Right out, God asks Abram (who is now one year short of being a centenarian) to "walk before me and be blameless" (17:2). God tells Abram that it's time for him to make good on his former agreement, so God will make Abram have lots of children. No word yet on if Abram will have to rape all of his servant girls to make this happen.

God renames Abram (which means "exalted father") to Abraham (which means "father of many") "for I have made you a father of many nations" (17:4-5). God frames this claim with an air of importance, claiming that some of Abraham's offspring will be kings and rule nations. God gifts the entire land of Canaan to Abraham.

I can't wait to see what happens when Abraham walks into Canaan — the land in which even God admits Abraham is an "alien" (17:8) — and runs up to its leader shouting, "I'm the king now! God says so! Haha! Get down from that throne!"

But then God throws a curveball in 17:10-14:

This is my covenant with you and your descendants after you, the covenant you are to keep: Every male among you shall be circumcised. You are to undergo circumcision, and it will be the sign of the covenant between me and you. For the generations to come every male among you who is eight days old must be circumcised, including those born in your household or bought with money from a foreigner — those who are not your offspring. Whether born in your household or bought with your money, they must be circumcised. My covenant in your flesh is to be an everlasting covenant. Any uncircumcised male, who has not been circumcised in the flesh, will be cut off from his people; he has broken my covenant.

Okay, so all humans forever and ever must have their foreskins cut off at the age of eight days old. That foreskin is a constant sacrifice from Abraham and his future family so that they can remain on top and in good favor with God. This all makes perfect sense.
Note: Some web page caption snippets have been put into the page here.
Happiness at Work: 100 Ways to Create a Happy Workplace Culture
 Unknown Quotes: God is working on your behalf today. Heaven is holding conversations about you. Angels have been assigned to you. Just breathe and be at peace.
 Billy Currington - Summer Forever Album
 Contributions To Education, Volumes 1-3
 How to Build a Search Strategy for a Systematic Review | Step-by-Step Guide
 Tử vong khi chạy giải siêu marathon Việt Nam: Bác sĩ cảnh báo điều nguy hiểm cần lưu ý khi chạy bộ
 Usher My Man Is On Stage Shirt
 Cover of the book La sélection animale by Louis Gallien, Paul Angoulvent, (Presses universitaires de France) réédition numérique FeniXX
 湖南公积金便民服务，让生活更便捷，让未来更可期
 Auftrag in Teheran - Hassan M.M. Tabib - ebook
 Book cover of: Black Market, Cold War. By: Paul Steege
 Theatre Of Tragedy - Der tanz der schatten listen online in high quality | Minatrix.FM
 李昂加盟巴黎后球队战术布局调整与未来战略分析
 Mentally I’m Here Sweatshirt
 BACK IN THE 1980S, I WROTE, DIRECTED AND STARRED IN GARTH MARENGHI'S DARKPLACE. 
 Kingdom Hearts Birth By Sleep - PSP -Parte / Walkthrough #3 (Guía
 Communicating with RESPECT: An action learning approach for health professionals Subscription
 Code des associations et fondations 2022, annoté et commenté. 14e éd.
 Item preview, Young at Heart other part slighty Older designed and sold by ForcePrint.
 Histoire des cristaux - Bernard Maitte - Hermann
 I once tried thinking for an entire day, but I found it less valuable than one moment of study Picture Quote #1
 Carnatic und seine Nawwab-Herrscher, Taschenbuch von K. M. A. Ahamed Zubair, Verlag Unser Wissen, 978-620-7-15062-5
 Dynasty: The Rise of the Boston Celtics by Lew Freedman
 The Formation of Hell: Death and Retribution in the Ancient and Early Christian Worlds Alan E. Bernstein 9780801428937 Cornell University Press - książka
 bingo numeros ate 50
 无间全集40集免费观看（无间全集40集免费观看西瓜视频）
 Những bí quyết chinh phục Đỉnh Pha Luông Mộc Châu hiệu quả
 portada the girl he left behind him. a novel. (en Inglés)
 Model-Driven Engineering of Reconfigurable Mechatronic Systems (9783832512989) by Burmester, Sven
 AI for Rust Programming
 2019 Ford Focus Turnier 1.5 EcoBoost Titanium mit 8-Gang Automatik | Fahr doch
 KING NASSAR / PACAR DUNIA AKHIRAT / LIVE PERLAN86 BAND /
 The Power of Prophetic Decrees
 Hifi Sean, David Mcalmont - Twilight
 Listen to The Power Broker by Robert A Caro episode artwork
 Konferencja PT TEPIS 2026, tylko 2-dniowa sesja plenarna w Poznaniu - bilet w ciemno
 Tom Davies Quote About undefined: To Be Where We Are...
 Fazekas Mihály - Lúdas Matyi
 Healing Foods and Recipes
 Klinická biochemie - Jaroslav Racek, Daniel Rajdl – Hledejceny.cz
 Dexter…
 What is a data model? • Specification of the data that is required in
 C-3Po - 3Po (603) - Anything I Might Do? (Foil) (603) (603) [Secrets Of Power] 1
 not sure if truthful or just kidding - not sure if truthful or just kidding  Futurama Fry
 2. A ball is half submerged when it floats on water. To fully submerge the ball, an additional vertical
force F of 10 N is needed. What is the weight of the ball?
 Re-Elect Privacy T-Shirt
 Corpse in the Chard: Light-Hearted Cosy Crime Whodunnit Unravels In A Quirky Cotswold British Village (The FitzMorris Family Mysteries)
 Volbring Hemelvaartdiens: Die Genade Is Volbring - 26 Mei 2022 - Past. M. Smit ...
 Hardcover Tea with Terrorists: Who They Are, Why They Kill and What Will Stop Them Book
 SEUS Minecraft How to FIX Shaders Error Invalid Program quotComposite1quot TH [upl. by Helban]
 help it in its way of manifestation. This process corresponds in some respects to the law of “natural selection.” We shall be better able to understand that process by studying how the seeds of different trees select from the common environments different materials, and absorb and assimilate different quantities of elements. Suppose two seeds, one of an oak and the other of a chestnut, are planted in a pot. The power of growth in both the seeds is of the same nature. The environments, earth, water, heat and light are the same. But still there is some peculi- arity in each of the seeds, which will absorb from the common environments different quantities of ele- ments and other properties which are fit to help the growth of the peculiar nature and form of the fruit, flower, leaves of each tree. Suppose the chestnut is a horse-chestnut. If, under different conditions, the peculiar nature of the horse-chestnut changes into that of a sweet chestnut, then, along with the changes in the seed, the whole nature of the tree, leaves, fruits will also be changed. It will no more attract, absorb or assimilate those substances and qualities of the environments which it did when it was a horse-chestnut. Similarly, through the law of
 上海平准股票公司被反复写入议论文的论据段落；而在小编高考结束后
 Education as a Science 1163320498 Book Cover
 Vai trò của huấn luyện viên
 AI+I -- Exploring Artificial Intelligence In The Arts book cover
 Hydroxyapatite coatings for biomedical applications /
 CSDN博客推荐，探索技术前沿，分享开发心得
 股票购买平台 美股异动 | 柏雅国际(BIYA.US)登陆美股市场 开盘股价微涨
What makes even more sense is that God now claims that Abra(ha)m's wife is no longer called Sarai, but Sarah. "I will bless her," God says, "and will surely give you a son by her." (17:16)

But Abraham is getting used to God's trickery, laughs, and argues, "Will a son be born to a man a hundred years old? Will Sarah bear a child at the age of ninety?" God confirms this is true despite its apparent ridiculousness, then tells Abraham to name his child with Sarah Isaac. Isaac will be fruitful and have many kids, and twelve rulers will spawn from him. That's where the covenant for future population will be upheld. (17:17-21)

So Abraham takes Ishmael (the illegitimate child of Hagar and the Arab Formerly Known As Abram) and removes his foreskin, which I'm sure was a very clean and surgical procedure thousands of years ago, then does the same to every other male he's living with (these are all servants, since he has only one son and his nephew Lot is living far away), and finally circumcises himself. That's right, "Abraham was ninety-nine years old when he was circumcised" (17:24).

That sounds very painful, but what's worse is that Ishmael was thirteen at the time. This may be difficult for females to associate with, but imagine that you're a thirteen-year-old boy, confused by adolescence and puberty, trying to figure out what to do with that thing in your pants that keeps getting hard and feeling good for no reason at all, when all of a sudden your father comes to you with a crude knife and truncates your penis. It would be scarring in both the physical and emotional way. All in the name of God.

Another point of interest in this chapter is that we have some direct evidence against the whole "lunar month/year" theory. I can understand the disbelief that Abraham had about bearing children at the age of 99. There's no way Abraham is spry. He's past his prime. And Sarah is not significantly younger. At ninety, she's certainly gone through menopause and is no longer producing eggs for fertilization. Even if Abraham were still fertile, there's simply no way that Sarai could get pregnant.

But when you look at it from the perspective of a lunarist (my word), they were both around eight Gregorian years old. It's not feasible that they could have had a child a year ago (Ishmael), and it's still not feasible that they should have a second child now.

Once again, either God is making the impossible possible (and that's the general assumption of this chapter) or God is promoting sexual relationships between children under the age of ten.